Plus besoin d’être fort, de jouer des coudes pour garder une place dans une compétition générale ; plus besoin de considérer autrui comme un concurrent ou une charge ou un ennemi. Nous pouvons nous tenir autrement dans la réalité du monde qui n’est pas plus douce pour les croyants que pour les autres. L’assemblée, l’Église est un lieu privilégié pour en faire l’expérience, pour y être encouragé, pour se remettre en mémoire les poèmes, pour laisser les mots et les images venir, flotter, résonner, scintiller, pour se laisser inspirer.
Paul écrit un poème de vie sur l’hymne de foi, un poème et pas un règlement. La même pensée, le même amour, la même âme, la disposition d’unité ne parlent pas d’uniformité. C’est que Paul est l’apôtre du sujet singulier libre et responsable créé par la grâce de Dieu, il ne vise pas une conformité monotone. Mais il s’agit du commencement et de l’accomplissement en Christ des existences humaines extrêmement diverses et cependant toutes appelées à la vie vivante.
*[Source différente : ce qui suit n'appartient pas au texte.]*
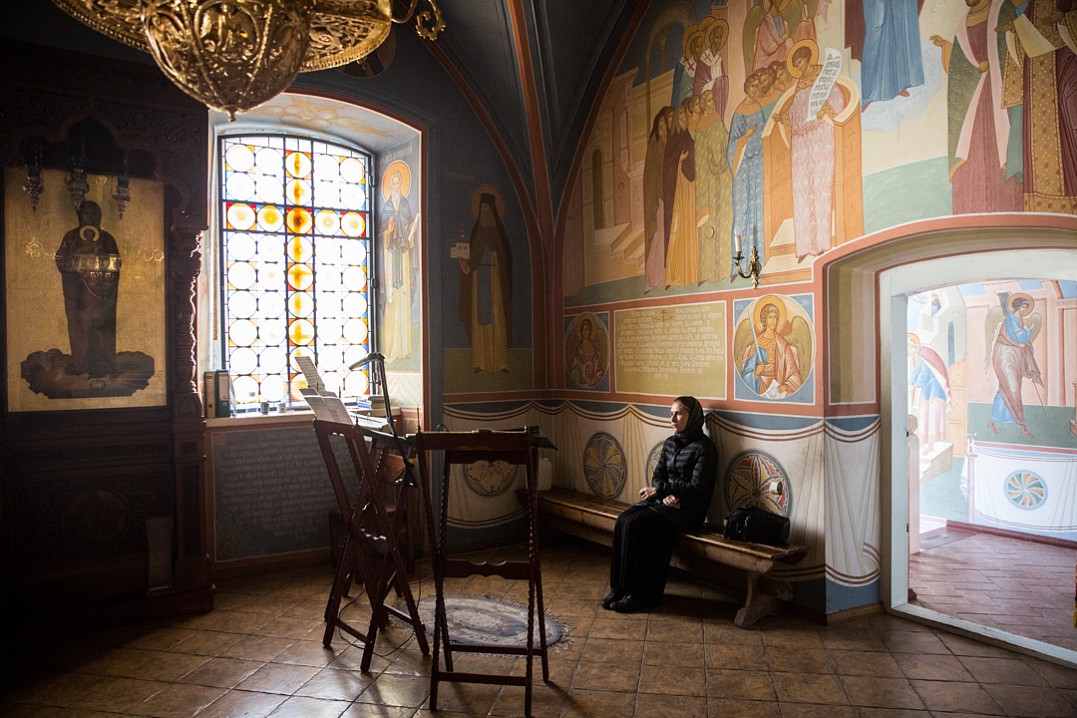 В тиши храма, Лиана Даренская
Alors la fraternité peut éclore, nourrie par la trajectoire du Christ évoquée par l’hymne.
A l’absence de convoitise de Jésus-Christ répond l’abandon de l’ambition personnelle c’est-à-dire vouloir se hausser soi-même, vouloir être bien considéré, vouloir prendre le pas sur autrui ou pour le dire autrement l’abandon de l’orgueil qui fait regarder l’autre comme un obstacle ou un objet. Abandon aussi de la vanité qui génère tant d’illusions, de déceptions, de ressentiments parce qu’elle empêche la personne de paraître avec ses fragilités et ses manques. Mais cet abandon n’est pas tant le fruit d’un effort personnel que celui de l’inspiration par le parcours du Christ chanté par l’hymne.
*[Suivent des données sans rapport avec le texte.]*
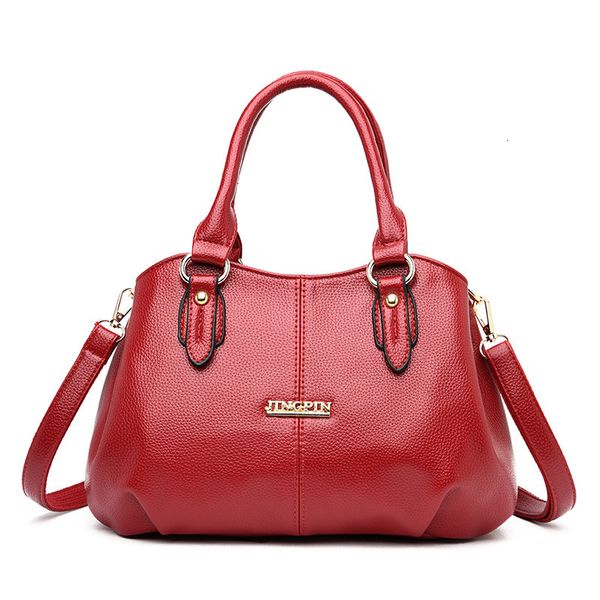 evening bag women's single shoulder messenger handbag 2021 mother's three mouth multi-layer leisure
evening bag women's single shoulder messenger handbag 2021 mother's three mouth multi-layer leisure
A l’abaissement de Jésus-Christ répond l’humilité qui n’est pas de s’écraser plus bas que terre mais de regarder l’autre comme élevé parce que c’est la destinée à laquelle Dieu l’appelle en Christ. L’humilité, c’est aussi la conscience que nous avons besoin des autres, de leur aide, de leur soutien, de leur amour, de leur présence, alors la reconnaissance la suit de près. En quelque sorte, l’humilité est le contraire de la crispation sur soi, elle tient du lâcher prise et ce faisant, laisse la place pour les autres, pour le souci des autres, pour la veille sur les intérêts des autres.  Là encore, il ne s’agit pas tant de s’exercer pour réussir à être humble, que de se laisser inspirer, de s’inspirer, d’inspirer dans l’espace du poème, du double poème aux Philippiens, d’y laisser son âme, sa pensée, son regard être dilatés par le désir de vivre.
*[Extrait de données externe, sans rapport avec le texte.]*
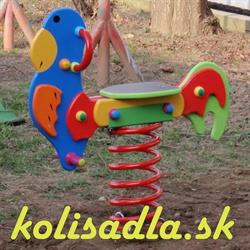 Pružinové hojdačky, strunové kolísadlá a kolotoče pre detské ihrisko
C’est le chemin de l’humanité, finalement pas seulement celui d’une assemblée,

quand l’humilité nourrit la fraternité,
quand nous accrochons, quand nous articulons notre existence au don et à la reconnaissance plutôt qu’à la convoitise,
quand nous nous relions à ce nom qui est au-dessus de tout nom et que nous y recevons le goût des autres, ce qui suffit pour vivre.